One of the largest contributors to technologies growth is the armed forces, with people looking at everything from mounting rail-guns to ships to being able to inject a sponge into people to stop gunshot wounds from bleeding. The latest patent that the U.S. Army has filed for though is designed to prevent harm, in the form of a self-destructing bullet.
.50 calibre bullets are designed to be used in large guns, with everything from a sniper rifle to a mounted machine gun firing them off with their range and size often making them the round of choice for long distance engagements. This puts you at the risk of firing bullets that may not stop where you want them to. This may no longer be the case though thanks to a patent filed by the U.S. Army.
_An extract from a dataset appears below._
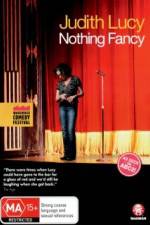 Watch Judith Lucy - Nothing Fancy Movie25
Researchers Brian Kim, Mark Minisi and Stephen McFarlane didn’t feel rounds had to keep going. Two years after filing for their patent it was approved, allowing for a new design of bullet that would have a “timed” lifespan. Designed to ignite the second the round is fired, the countdown would begin, ending with the bullet ending its travel once the reaction reaches its final stage.
McFarlane stated that “the biggest advantage is reduced risk of collateral damage”. While the design is based and tested on the .50 calibre rounds, the patent extends to the method used in creating the new form of rounds, meaning that it could be used in everything from small handguns to large calibre weapons.